Indian clerics missing in Paksitan
A man adorns the marble walls of the Daata Darbar Sufi shrine with roses in Lahore Reuters

Two Indian Sufi clerics have gone missing in Pakistan during a pilgrimage and the two countries' foreign ministries are scrambling to handle the matter. While one of the missing clerics has been identified as Syed Asif Ali Nizami, the other is his nephew.

Nizami, 80, who is the chief cleric of New Delhi's Hazrat Nizamuddin Dargah, is believed to have travelled to Pakistan on 8 March. The two have been unaccounted for since Wednesday, 15 March.

"We have taken up this matter with the Government of Pakistan and requested them for an update on both the Indian nationals in Pakistan," said India's External Affairs Minister Sushma Swaraj. She wrote in a tweet: "Both are missing after they landed at Karachi airport."

The two, who were accompanied by the chief priest's son, were travelling to the popular Daata Darbar shrine in Lahore.
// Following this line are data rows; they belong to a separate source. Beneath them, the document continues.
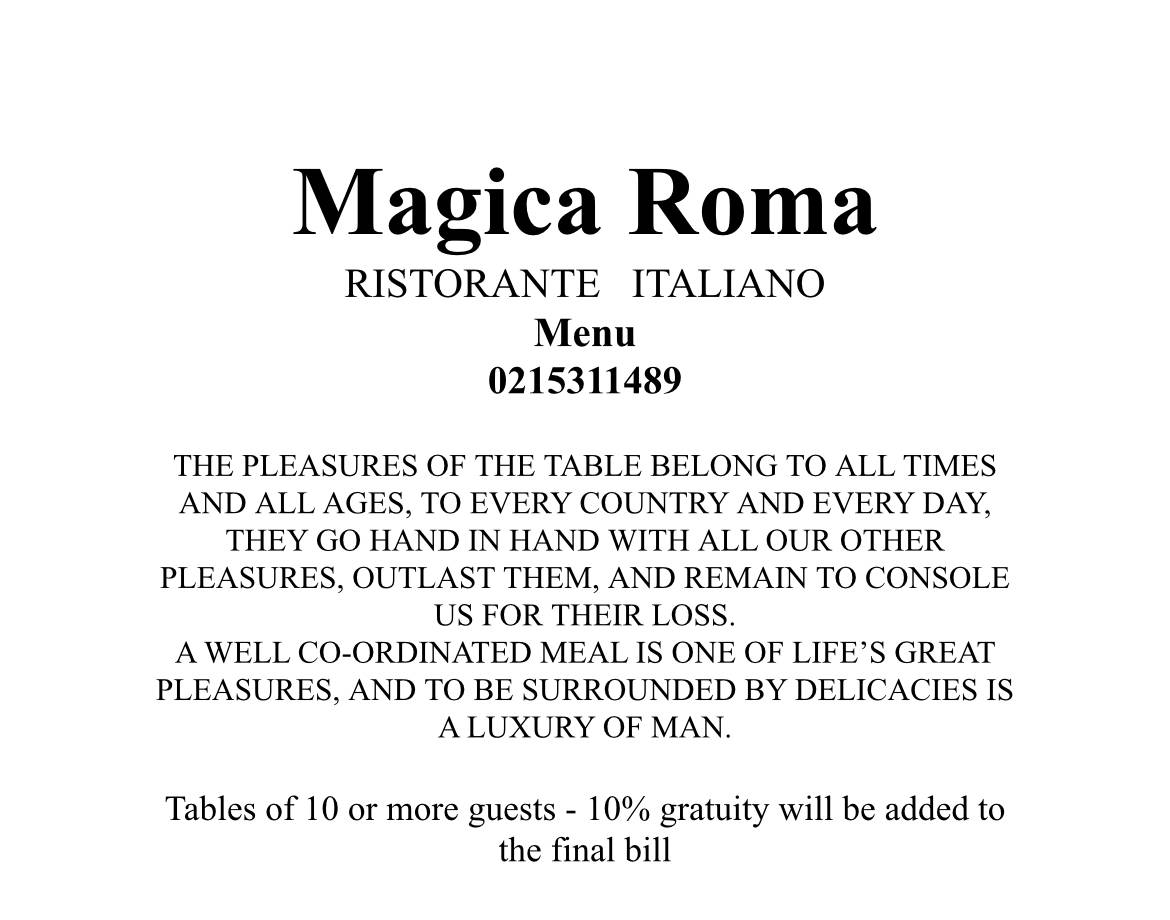 Menu at Magica Roma restaurant, Cape Town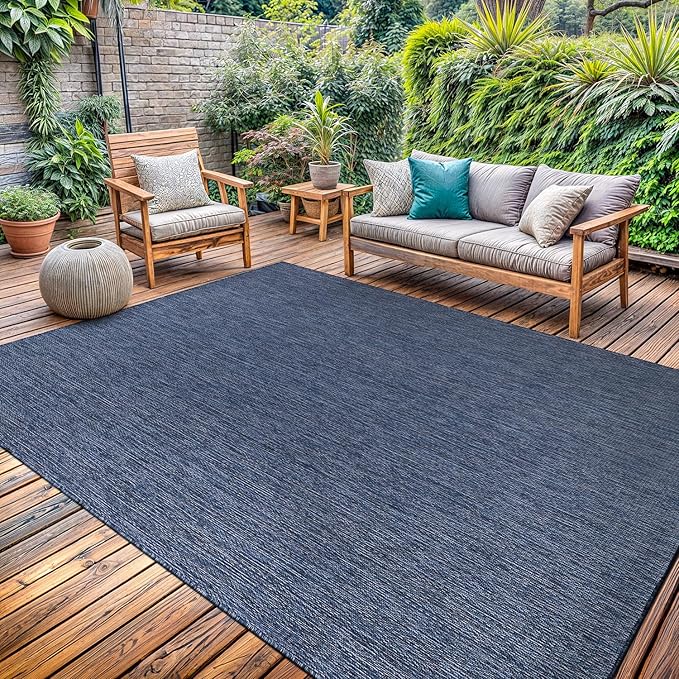 Washable Indoor Outdoor Rug 10x14 Weather Resistant Area Rugs Modern Solid for Porch Deck Balcony Backyard Patio Outside Carpet (10 X 14 Azure Blue)-Ruum Studio Home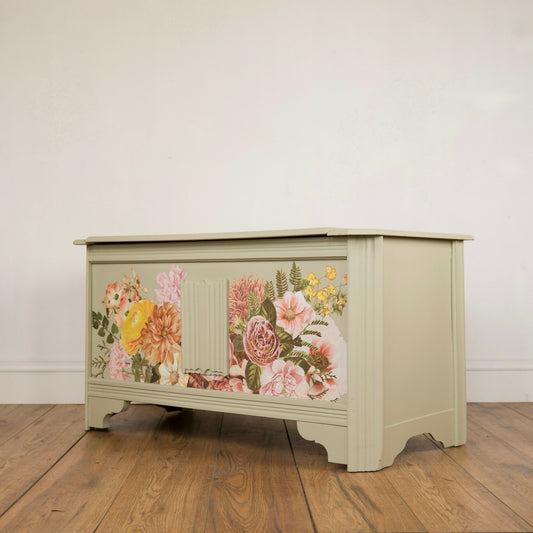 Vintage Oak Upcycled Blanket Box
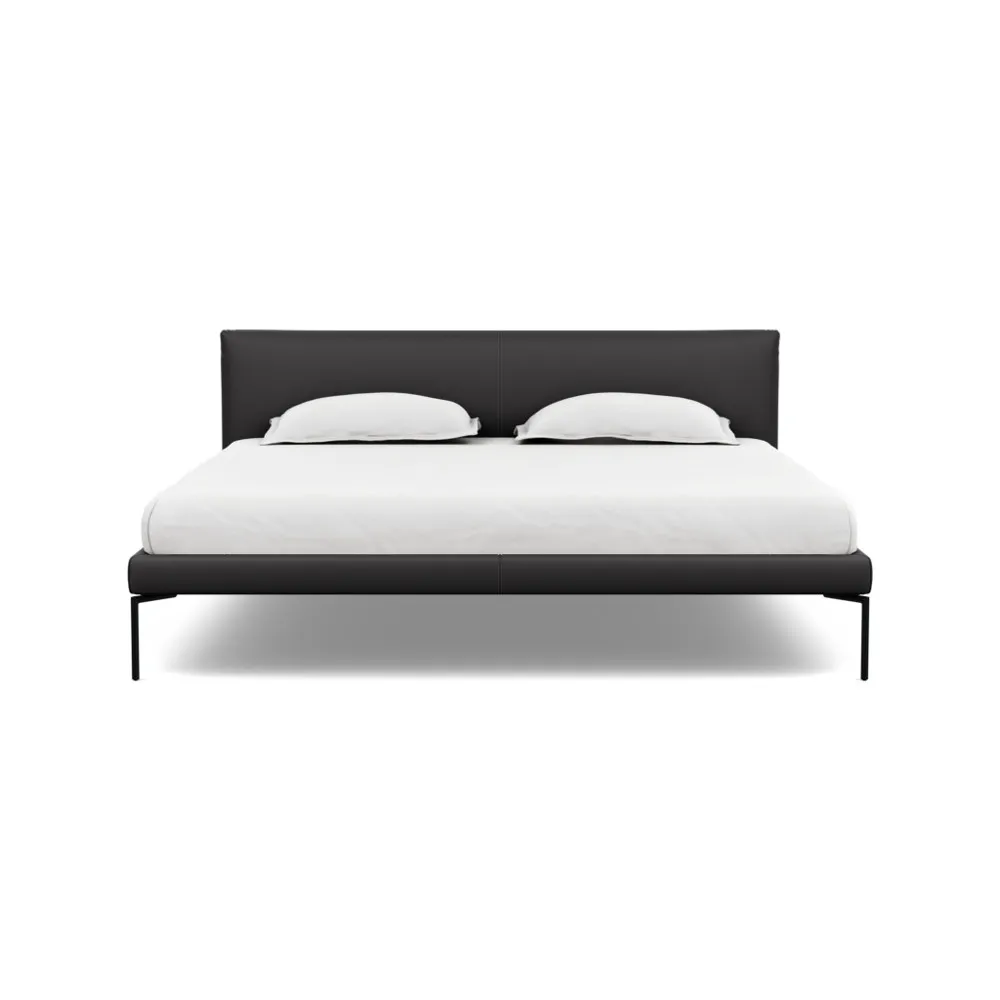 Heal's Matera Bedstead Super King Leather Grain Graphite 063 1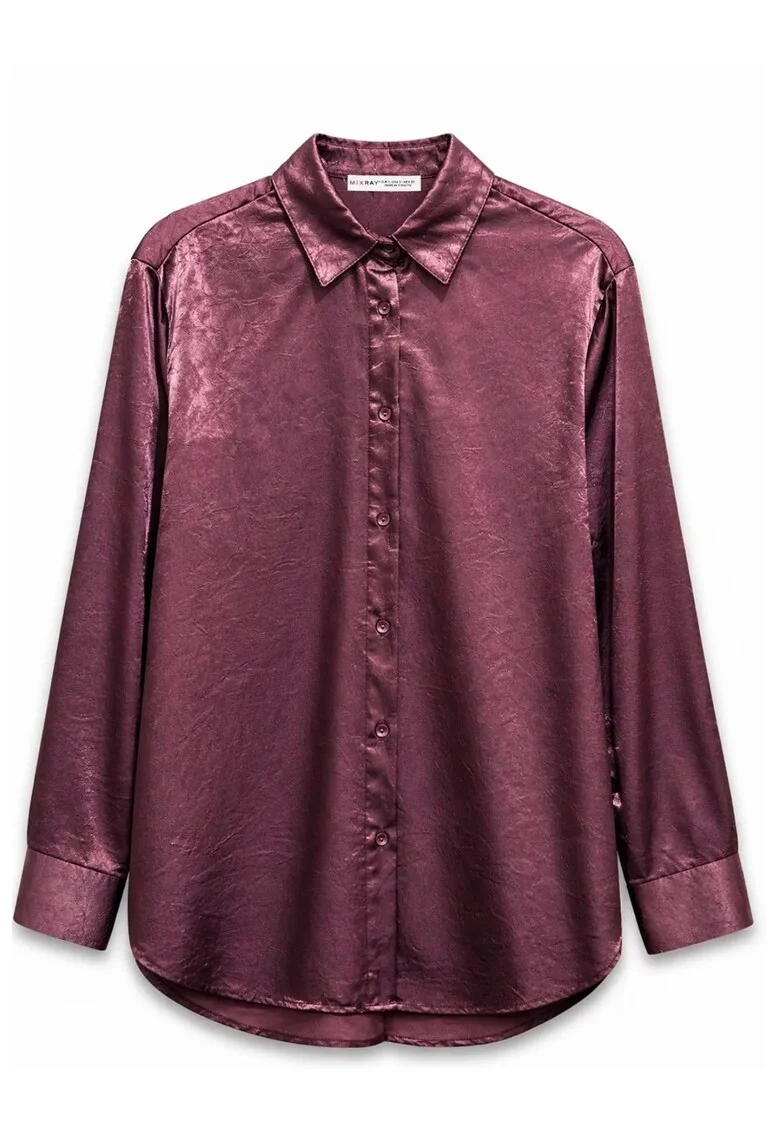 Camasa dama,  camasa din satin, casual, rosu burgund, maneca lunga, 100% poliester
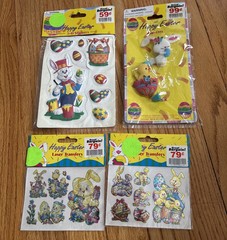 Vintage Holographic Shiny Foil Laser Easter Stickers 3D Pins 80s NEW Lot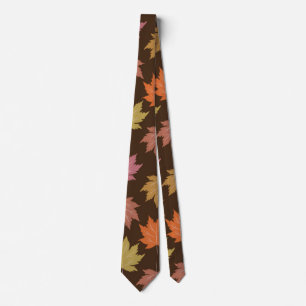 Colourful Autumn Maple leaves on dark brown Tie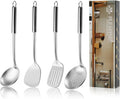 4-Pcs Cooking Utensils Set, Stainless Steel Kitchen Utensils, Wok Utensils Set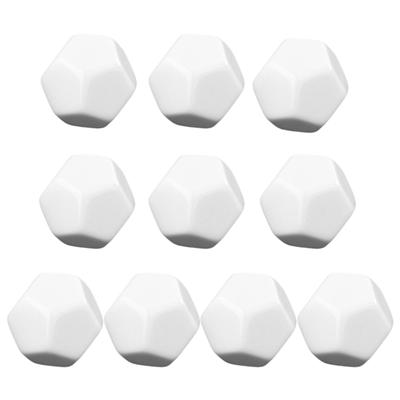 10Pcs White Blank D12 Acrylic Dice With Pentagonal Corner For Kid DIY Write Painting Graffiti Educational Toy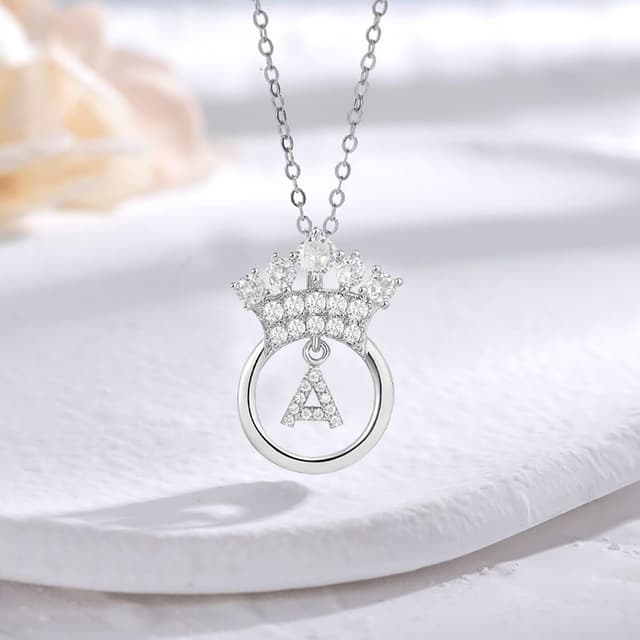 Detalle 2 de Zelnff Kronen-Herz Halskette mit Initiale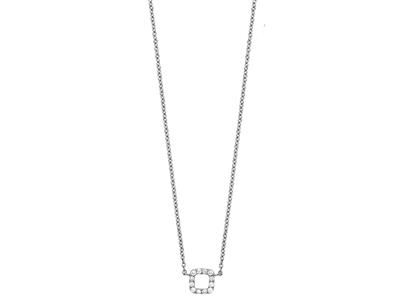 Halskette Mit Motiv Quadrat An Kette, Diamanten 0,05ct, 4042 Cm, 18k Weigold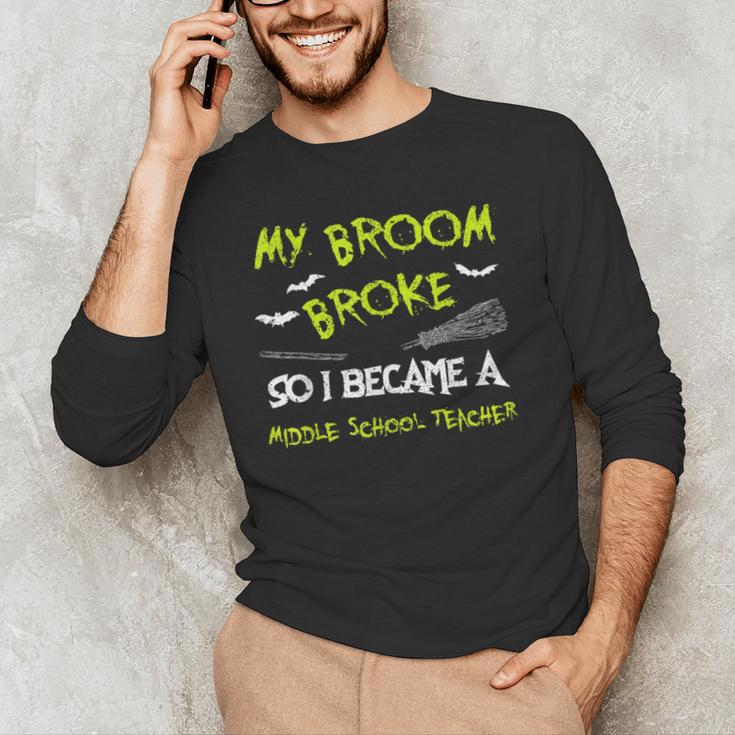 Middle School Teacher Halloween Costume Shirt Lazy Men's Long Sleeve T-Shirt, novelty gifts, funny gifts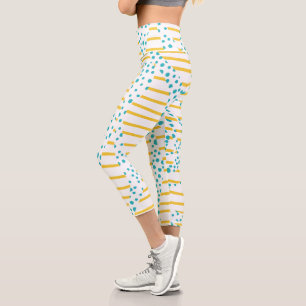 Spots & Stripes 2 in Turquoise, Yellow, and White Capri Leggings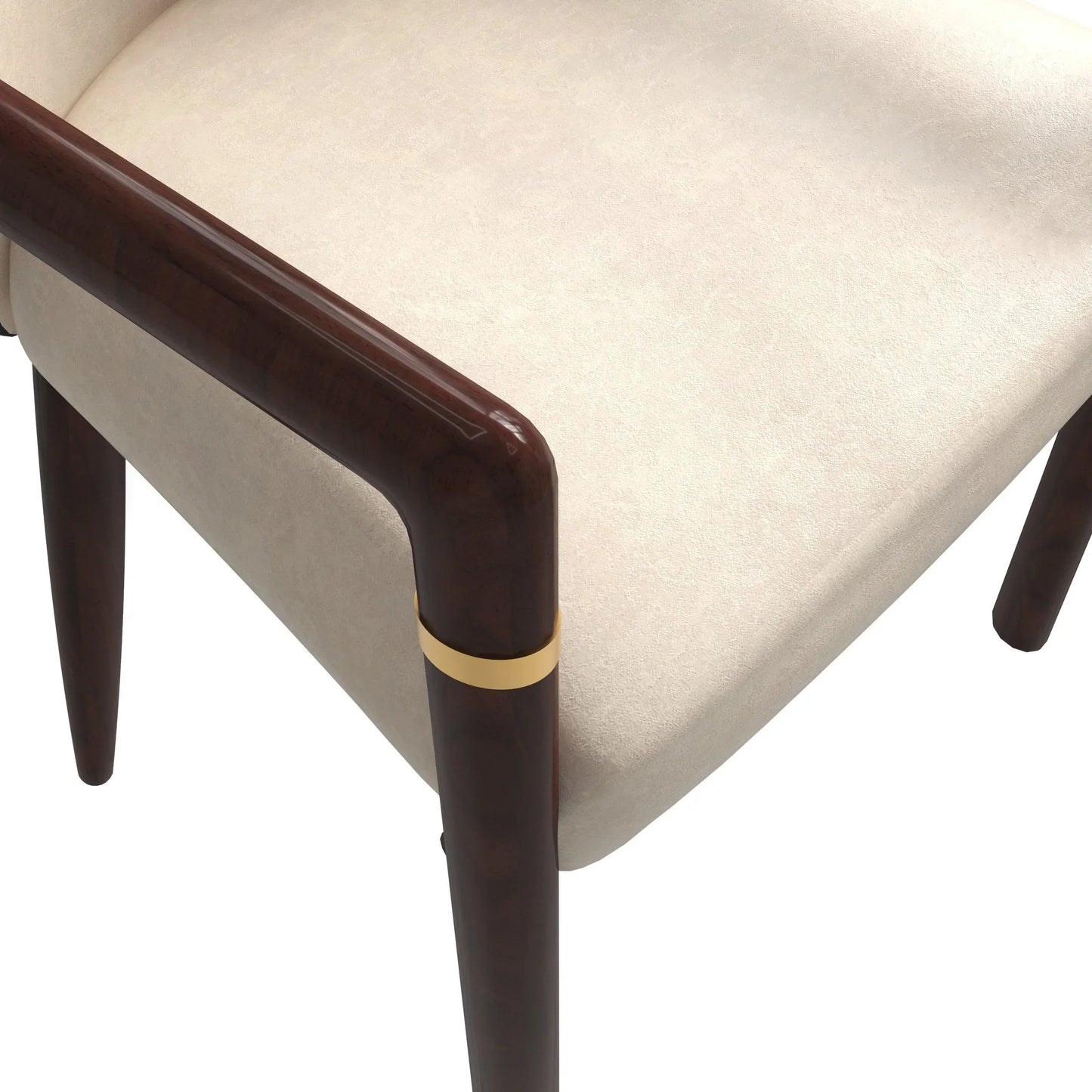 Opaline Dining Chair in Velvet or Leather Upholstery with Rubberwood Frame with Gold Accents - Elax Furniture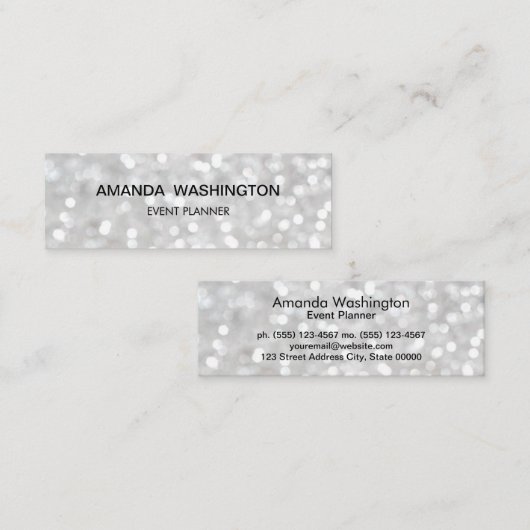 Carte De Visite Mini White Bokeh (Devant / Derrière)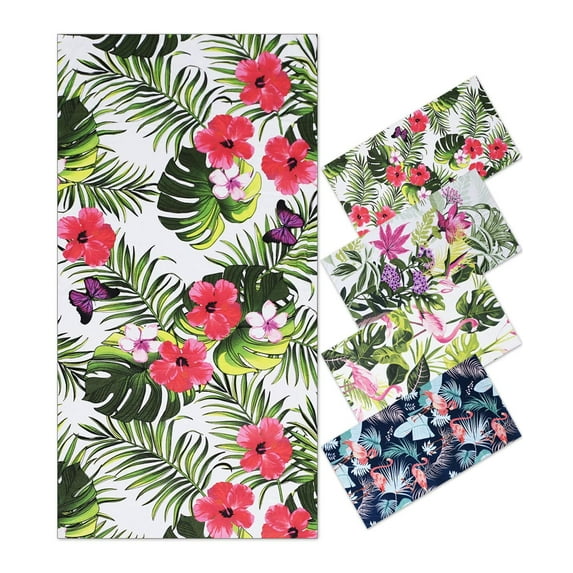 74x36 Inches Oversized Microfiber Beach Towel for Adults Men Women, Extra Large Xl Big Giant Quick Fast Dry Travel Pool Stuff Clearance Tropical Floral Hawaii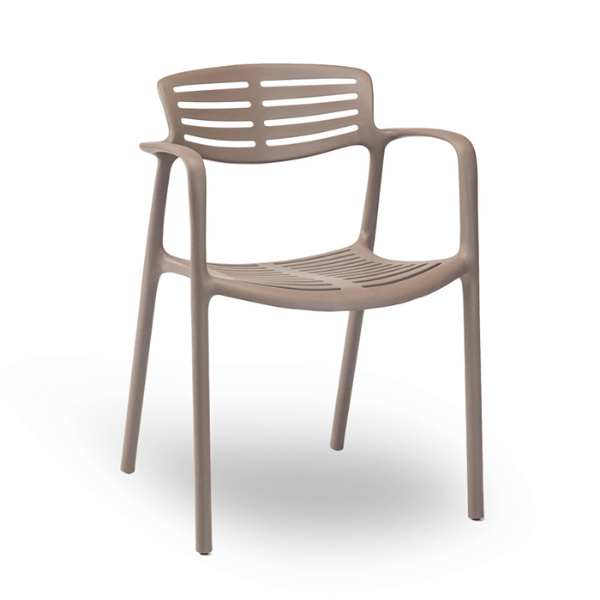 	Toledo Air Stackable Polypropylene Poolside Patio Dining Chair - Chocolate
They lost contact with their family members soon after they returned from Lahore.

"On March 14, they offered another 'chadar' (sheet) at Daata Darbar Sufi shrine in Lahore. The next day, they reached Lahore airport to take a flight to Karachi at 4:30 pm. At the Lahore airport, my cousin was stopped by authorities to clear some documentation and my father was asked to board the flight," Sazid Ali Nizami, son of the missing cleric, told Indo-Asian News Agency. "We have no information as such. We have been putting up our landline numbers in advertisements."

Their mobiles have also been turned off since they disappeared. The Pakistan Foreign Office acknowledged it has received an official request from India to trace the missing clerics. Islamabad's interior ministry is pursuing the matter.